_TRY IT_
Write out each record below exactly as it appears, with no pictures.

· · ·

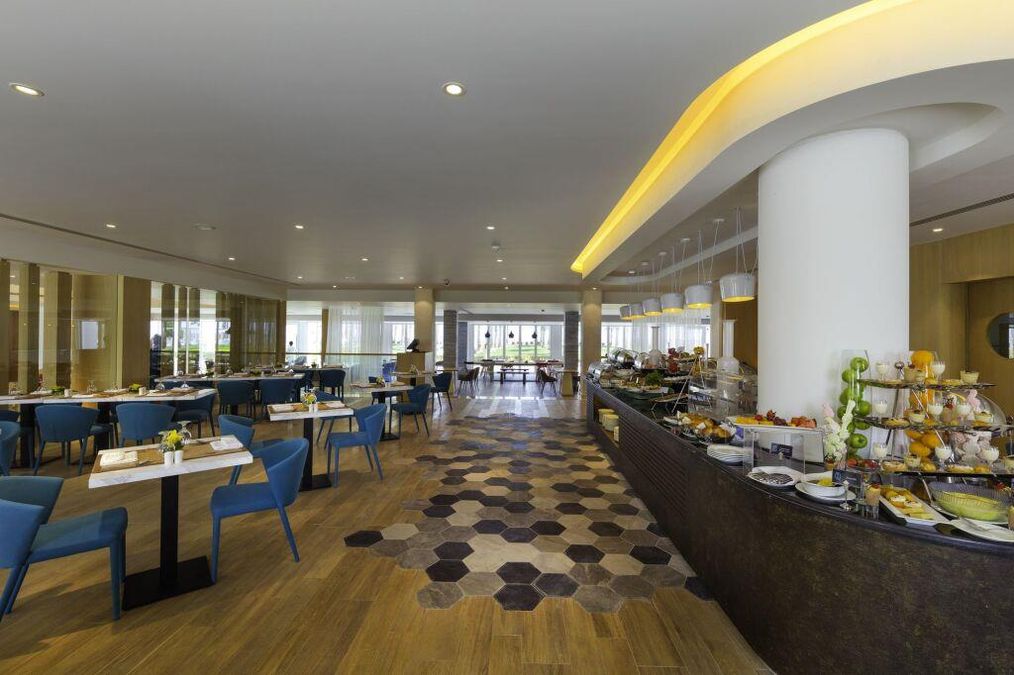 Картинка отеля - 32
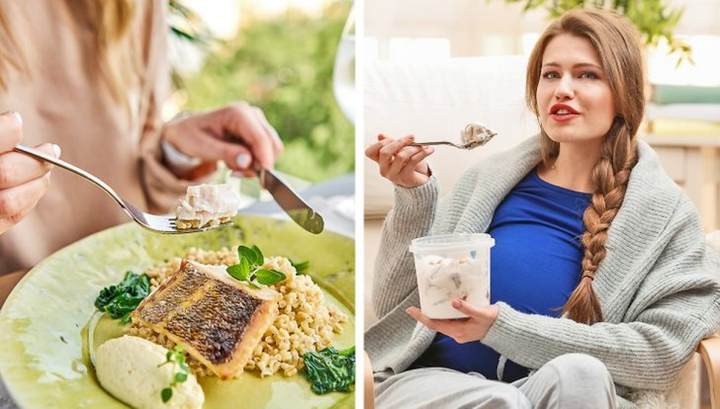 Tục kiêng kỳ quặc của phụ nữ mang thai trên khắp thế giới - 4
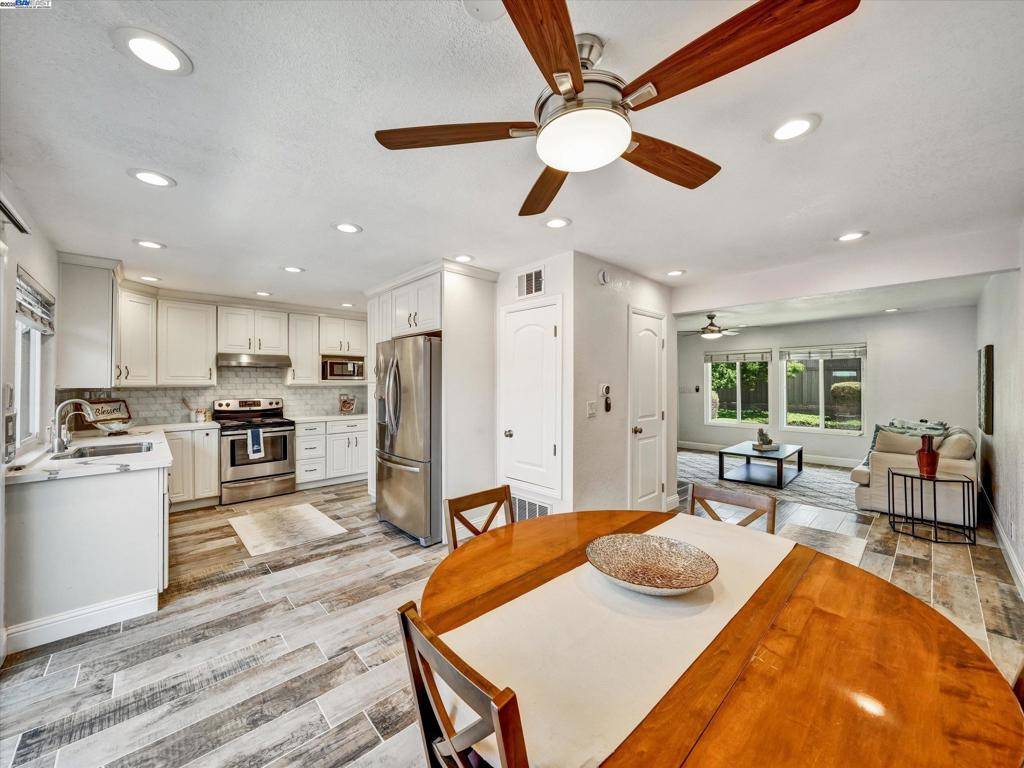 Fremont, CA 94555-3134,34539 NANTUCKET CMN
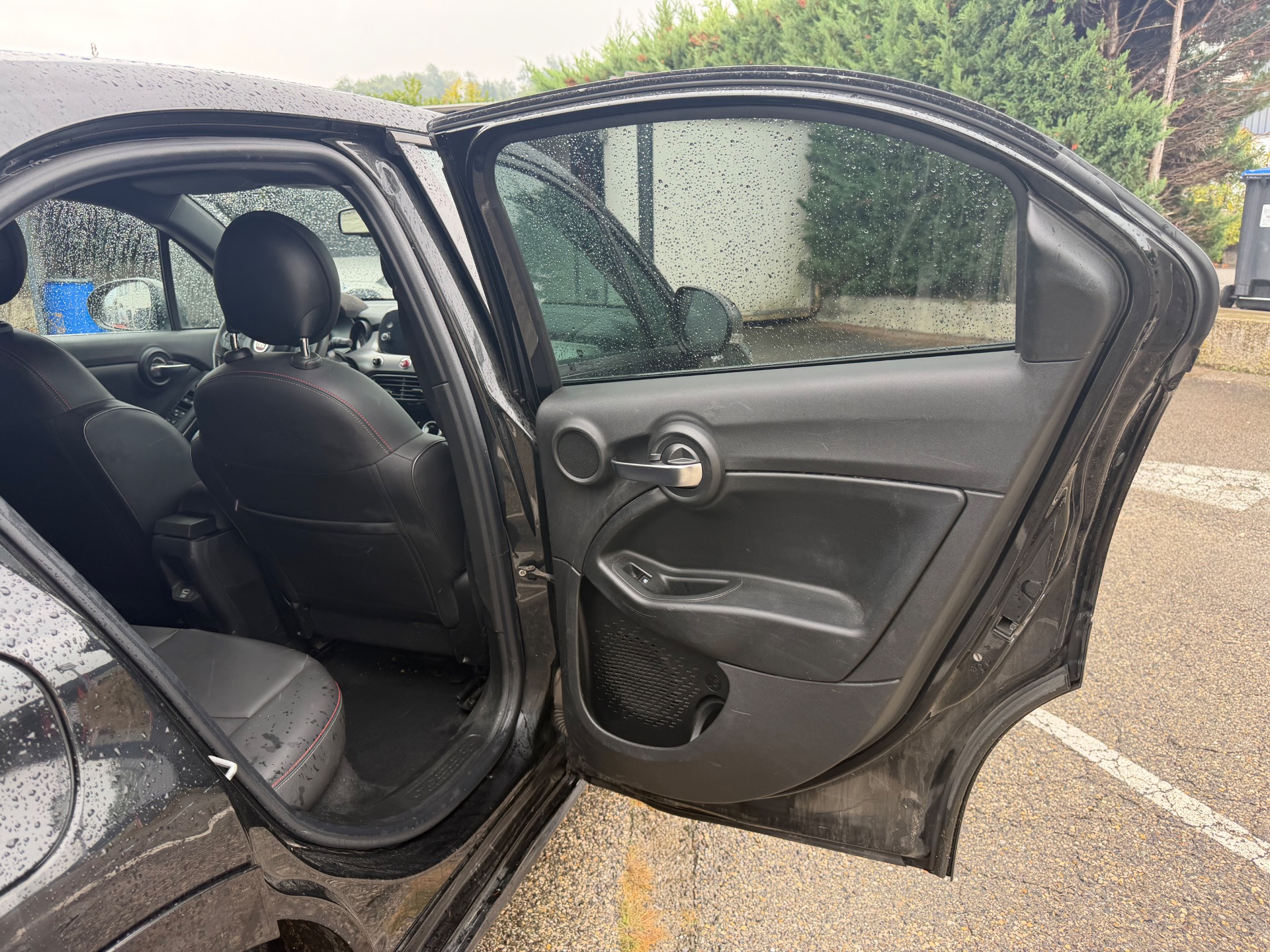 Fiat 500 X 1.0 T3 120ch FIREFLY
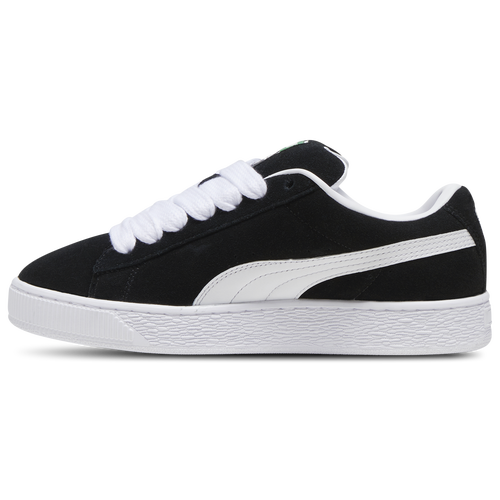 Puma suede grey women on sale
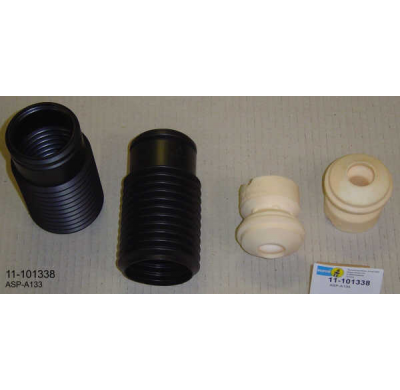 Juego Guardapolvos Delantero Bilstein B1 FIAT Regata/Ritmo/Uno, FORD Escort;VA;B1  11-101338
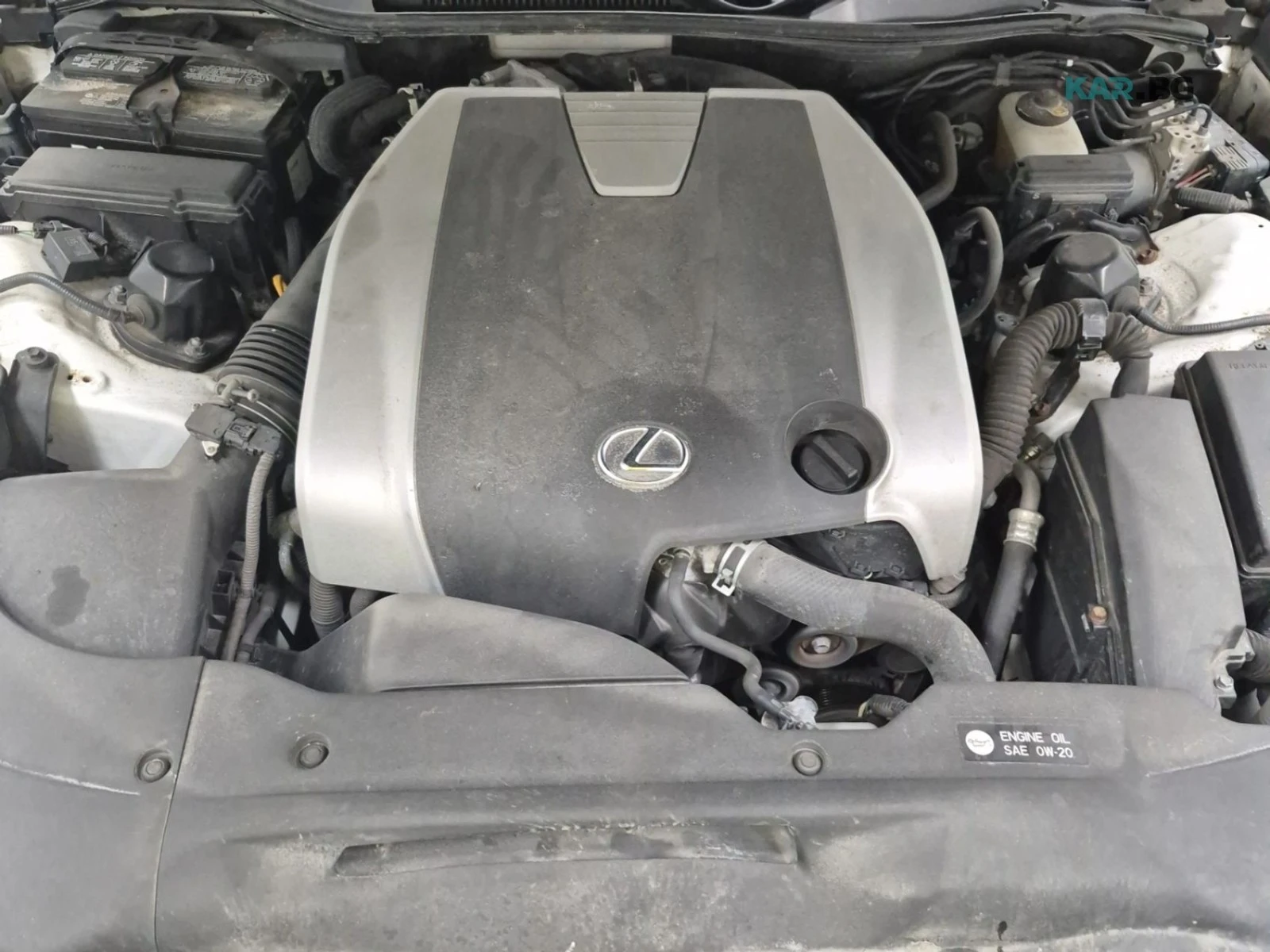 Lexus RC 350 F-Sport * A���������* (���� �� ��) | Mobile.bg � ����������� 9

· · ·

_OUTPUT OF THE TASK_
 Картинка отеля - 32
 Tục kiêng kỳ quặc của phụ nữ mang thai trên khắp thế giới - 4
 Fremont, CA 94555-3134,34539 NANTUCKET CMN
 Fiat 500 X 1.0 T3 120ch FIREFLY
 Puma suede grey women on sale
 Juego Guardapolvos Delantero Bilstein B1 FIAT Regata/Ritmo/Uno, FORD Escort;VA;B1  11-101338
 Lexus RC 350 F-Sport * A���������* (���� �� ��) | Mobile.bg � ����������� 9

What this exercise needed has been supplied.